Order a bag from Origin yesterday, as did a friend of mine after I'd passed on the tip - guess they may not have much left after Thursday! Very much looking forward to trying this.


----------



## sandykt (Dec 3, 2009)

I'm just hoping good old Royal Mail deliver on time on Friday.


----------



## sandykt (Dec 3, 2009)

Update from Steve, Costa Rica Finca de Licho is "days away".


----------



## sandykt (Dec 3, 2009)

***** UPDATE *******

** IT'S BACK **

Costa Rica Finca de Licho is back! My order arrived this morning and I can't wait to open my bag.


----------



## RolandG (Jul 25, 2010)

sandykt said:


> ***** UPDATE *******
> 
> ** IT'S BACK **
> 
> Costa Rica Finca de Licho is back! My order arrived this morning and I can't wait to open my bag.


I roasted that







 Hope you're enjoying!


----------



## Fran (Dec 27, 2010)

I just ordered a bag last night! Will you have roasted mine too, Roland??


----------



## AndyL (Apr 10, 2011)

these are beautiful beans. I love them. I had them from Origin a while back and they where sublime.

I might have to get some from Hasbeans myself.

Sent from my iPhone using Tapatalk


----------



## stavros (May 4, 2011)

I bought them on strong recommendations here and I've really enjoyed them in the aeropress, tonight I had my first espresso with them and it was actually too sweet for me. It's definitely a smooth honey sweetness but it was overpowering what I know is a good bean. I'm not sure what to change to calm it down a bit. A shorter extraction time perhaps? Less grind? Any suggestions welcome, I don't like to feel like I'm missing out!


----------



## Glenn (Jun 14, 2008)

Try the same weight but less water

Will have a stronger flavour to it, with less sweetness

Well done on rolling up the sleeves and roasting Roland

That's a quick promotion!


----------



## sandykt (Dec 3, 2009)

I do have a sweet tooth so these are great for me. A repeat order will be on the cards in the next few days.


----------



## garydyke1 (Mar 9, 2011)

Picked some of these up today from Hasbean...along with 250g Argentina Washed, 250g Shakiso Natural & 250g Escondida + some Kalita Kantan drippers.

Happy days


----------



## sandykt (Dec 3, 2009)

I am drinking these again at the moment.

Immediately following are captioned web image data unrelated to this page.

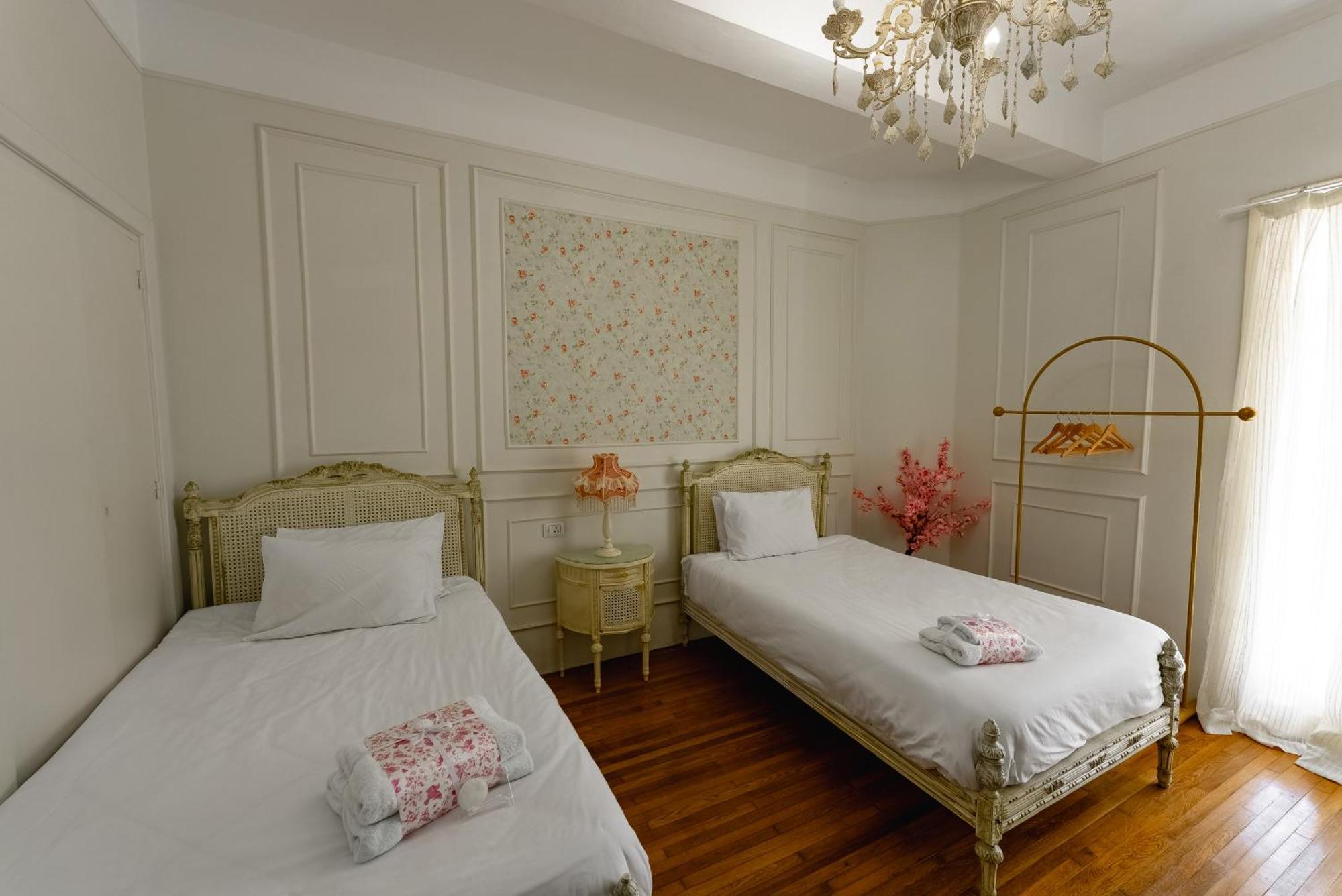 El Otel The Hotel Каир Экстерьер фото
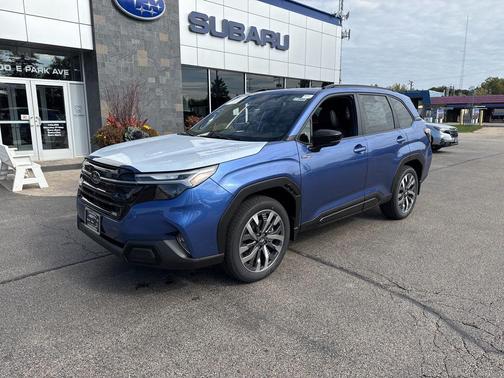 2025 Subaru Forester Hybrid Touring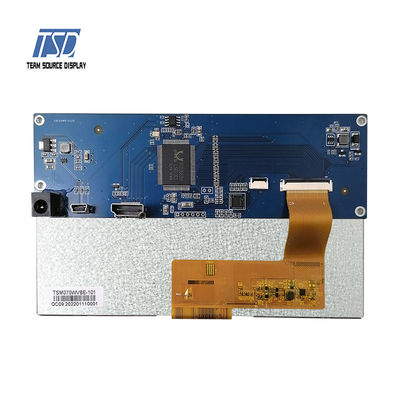 7 인치 800x480 점 표시 스마트 LCD 모듈 HDMI 인터페이스 보드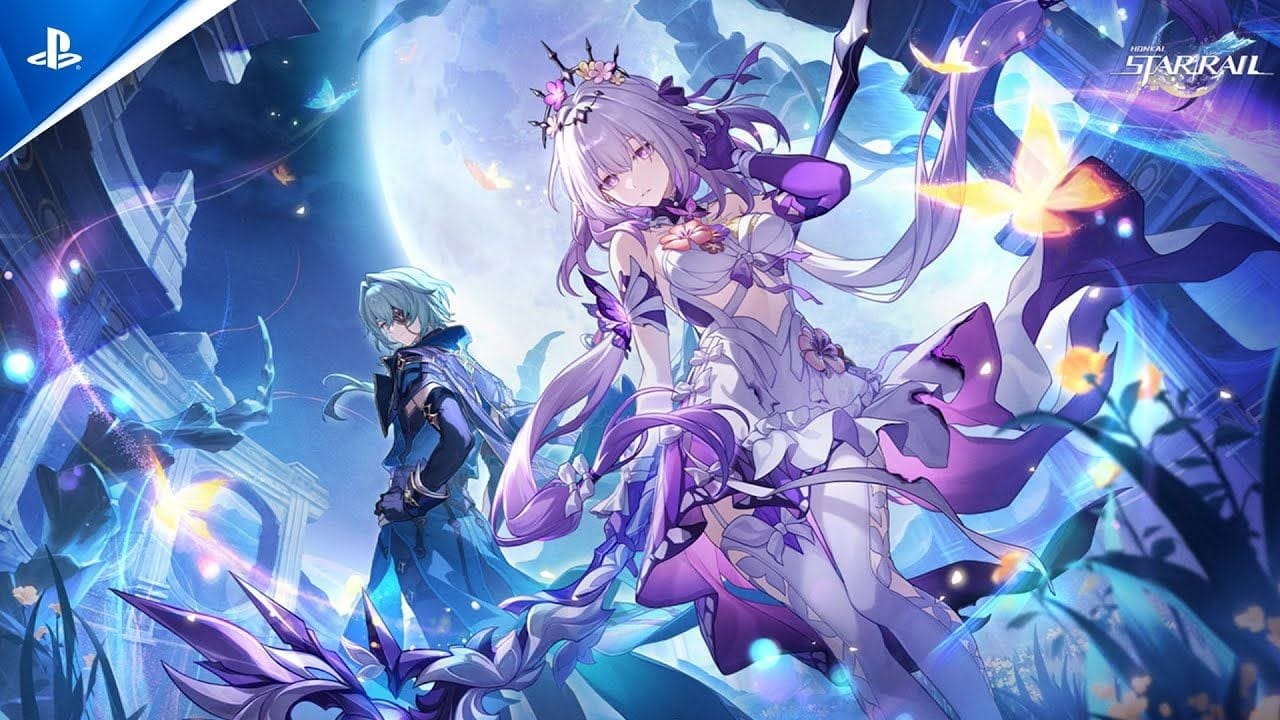 Honkai: Star Rail - "Through the Petals in the Land of Repose" Version 3.2 Trailer | PS5 Games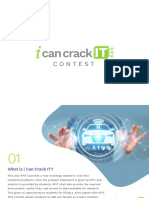 i Can Crack IT Contest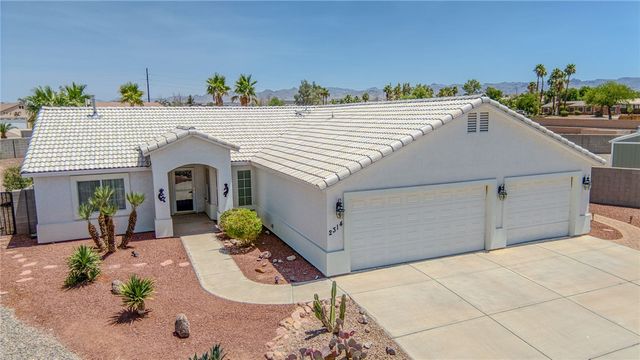 2314 Wild Rose Court, Mohave Valley, AZ 86440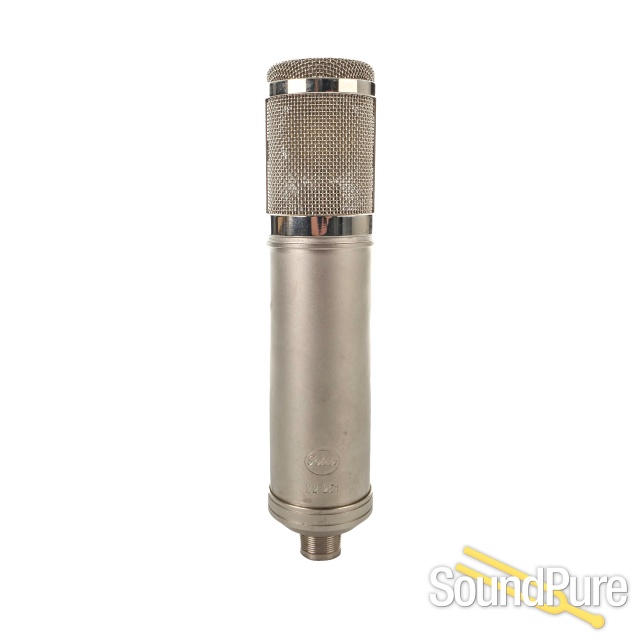 Peluso 22 251 Switchable Pattern Tube Microphone - Used — image 1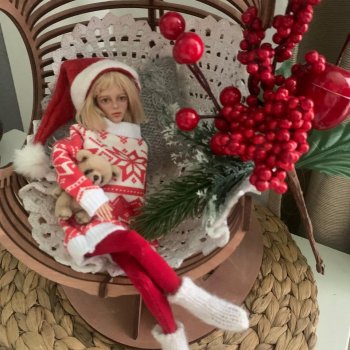 Новогодний вайб 🎄✨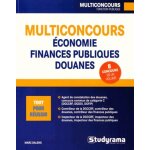 Carri�res economie, finances publiques, douanes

I love the sweet after taste. When these run out, I'm back to good old Costa beans until more supplies arrive.


----------



## sandykt (Dec 3, 2009)

These are now sold out and not due back for at least six months according to Steve @HasBean. A great coffee I shall miss. For the time being, its back to the Costa coffee beans for me.


----------



## sandykt (Dec 3, 2009)

These beans are still out of stock. Every now and then, I give Steve @HasBean a nudge on Twitter but no firm news yet.

In the meantime, I have purchased a 1 litre bottle of praline syrup from my local Costa and that satisfies my sweet tooth when I get a craving.

Will post an update on the Costa Rica Finca de Licho when I hear some firm news.


----------



## MikeHag (Mar 13, 2011)

Please do Sandy. I managed to scrounge the remains of the last bag from Taylor St Baristas around Sept. It was a gorgeous espresso.


----------



## Outlaw333 (Dec 13, 2011)

I get mine from Coffee Compass, I love the Licho but does anyone find it cups heavy on herbal and butternut squash soup notes!!??


----------



## sandykt (Dec 3, 2009)

This is back in stock at Has Bean and I'm enjoying it right now. This coffee is my absolute favourite.


----------